Bristo Square is a vast Gothic courtyard outside Edinburgh University, adorned with dark granite gargoyles. It's night-time, and the thoroughfare between the buildings is busy. Three young women in stilettos and white suede cowboy hats, trimmed with pink fur, stumble past; unnoticed, street people criss-cross the revellers. Some are young refugees, care leavers or migrant workers; many are gnarled old rough sleepers, who carry their belongings in plastic bags. A few scream abuse at passing students, but most walk on, fearful and quiet, with their eyes fixed on the buildings ahead. All belong to a silent underclass who exist quietly and painfully in every city.

There are an estimated 1,700 rough sleepers in Scotland. Edinburgh, with more than 360, is their capital.

As the sun falls behind the mosque's turquoise dome, the street people make their way towards Magdalene House – a soup kitchen known by only the destitute. As I push open the heavy wooden door, with its weary hinges and reinforced glass panels, I smell tonic wine, lentil soup, and turpentine. It's being redecorated, and the pine panels on the walls have peeled, revealing craters of pastel-pink paint.

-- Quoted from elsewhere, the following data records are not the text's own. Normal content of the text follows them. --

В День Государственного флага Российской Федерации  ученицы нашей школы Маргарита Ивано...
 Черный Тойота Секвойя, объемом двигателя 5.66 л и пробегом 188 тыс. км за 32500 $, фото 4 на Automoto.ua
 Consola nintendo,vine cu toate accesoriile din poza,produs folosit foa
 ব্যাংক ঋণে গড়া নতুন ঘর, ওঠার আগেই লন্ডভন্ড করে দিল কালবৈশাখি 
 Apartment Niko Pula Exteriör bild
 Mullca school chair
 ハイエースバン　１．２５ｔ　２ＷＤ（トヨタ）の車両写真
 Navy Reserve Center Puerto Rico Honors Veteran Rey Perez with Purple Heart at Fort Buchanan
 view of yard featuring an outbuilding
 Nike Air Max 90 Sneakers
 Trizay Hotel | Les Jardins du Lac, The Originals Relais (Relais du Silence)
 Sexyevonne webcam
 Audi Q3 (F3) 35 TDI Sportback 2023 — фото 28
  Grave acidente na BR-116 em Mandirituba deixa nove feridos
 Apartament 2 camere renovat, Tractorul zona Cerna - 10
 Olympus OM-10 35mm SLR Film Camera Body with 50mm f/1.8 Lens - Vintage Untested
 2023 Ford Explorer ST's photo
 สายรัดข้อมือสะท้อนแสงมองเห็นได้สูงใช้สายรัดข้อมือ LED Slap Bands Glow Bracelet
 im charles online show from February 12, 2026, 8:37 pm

Inside, there are men with thick, dark beards and beetroot-red faces, and men who are jaundiced and yellow, with wide, bloodshot eyes and lank, thinning hair. There are atrophied soldiers – drunk on white spirit – and old sea captains, who wear their war wounds like ghost stories. Some scowl, or shudder, as they pick tobacco flakes from their gold-capped teeth; others flinch like mice caught near the tracks of a runaway freight train, as the night air fills the room.

"We used to get them, back when they were on the methylated spirits," a woman says, as she dispenses soup from behind the serving counter. She glances at me and smiles as she butters bread. "Now it's white cider. It's the same thing if you ask me."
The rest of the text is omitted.